At present, this piece has been basically completed, the back of the time to summarize.

To summarize:

1) Multi-process can take advantage of multi-core advantages, but interprocess communication is cumbersome, in addition, the increase in the number of processes will cause performance degradation, process switching costs higher. Program process complexity is low relative to I/O multiplexing.

2) I/O multiplexing is the processing of multiple logical processes within a process, without process switching, high performance, and the sharing of information between processes is simple. However, the multi-core advantage can not be exploited, and the program process is cut into small pieces by the event processing, the program is complicated and difficult to understand.

3) The thread runs inside a process, is scheduled by the operating system, the switching costs are lower, and they share the virtual address space of the process, and the information is simple to share among the threads. But thread-safety issues cause the thread learning curve to be steep and error-prone.

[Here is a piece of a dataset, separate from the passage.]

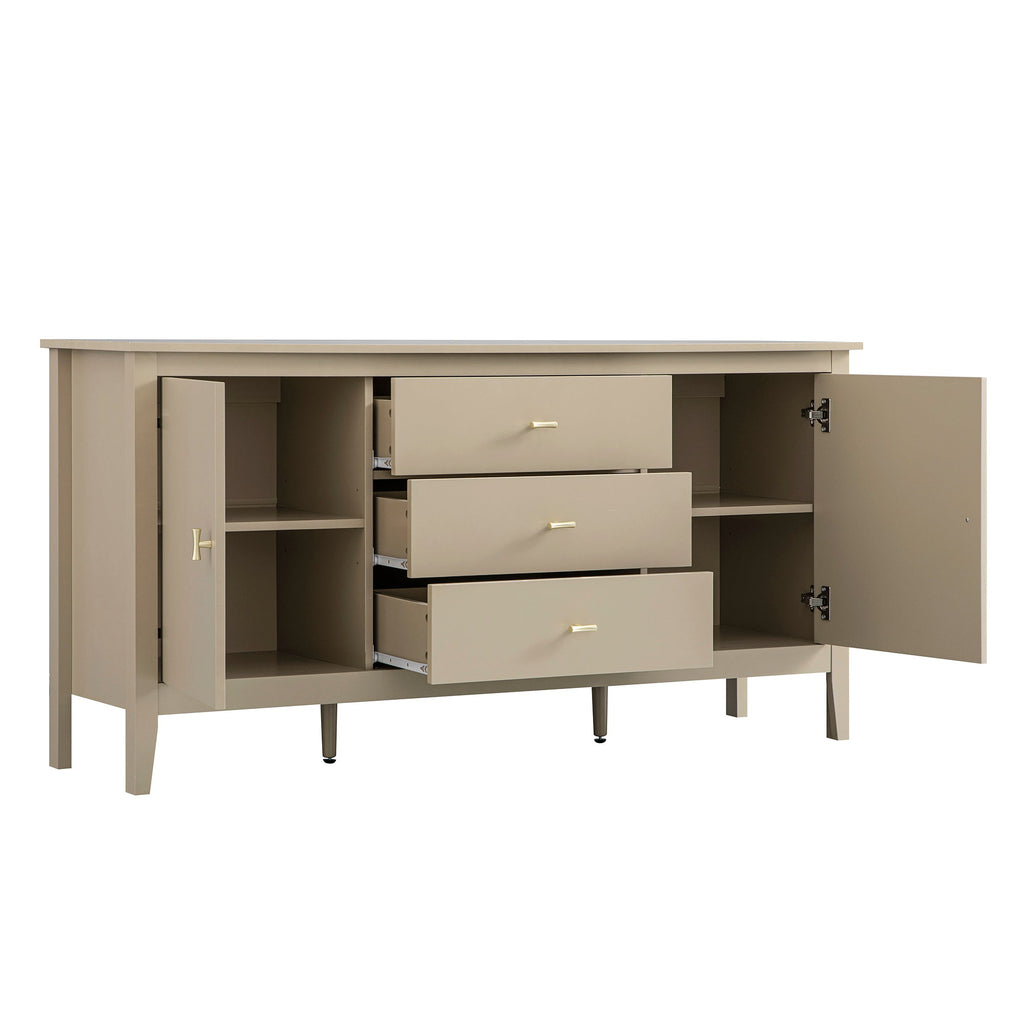 Oakham Wide Sideboard with Drawers, Deep Greige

4) The process has a programming language provided by the programmer control to switch, so there is no thread security problems, can be used to handle state machines, concurrent requests and so on. However, the multi-core advantage cannot be exploited.

The above four kinds of schemes can be used together, I am more optimistic about the process + co-operation mode

Related Article

Contact Us

The content source of this page is from Internet, which doesn't represent Alibaba Cloud's opinion; products and services mentioned on that page don't have any relationship with Alibaba Cloud. If the content of the page makes you feel confusing, please write us an email, we will handle the problem within 5 days after receiving your email.

If you find any instances of plagiarism from the community, please send an email to: info-contact@alibabacloud.com and provide relevant evidence. A staff member will contact you within 5 working days.

A Free Trial That Lets You Build Big!

Start building with 50+ products and up to 12 months usage for Elastic Compute Service

  • Sales Support

    1 on 1 presale consultation

  • After-Sales Support

    24/7 Technical Support 6 Free Tickets per Quarter Faster Response

  • Alibaba Cloud offers highly flexible support services tailored to meet your exact needs.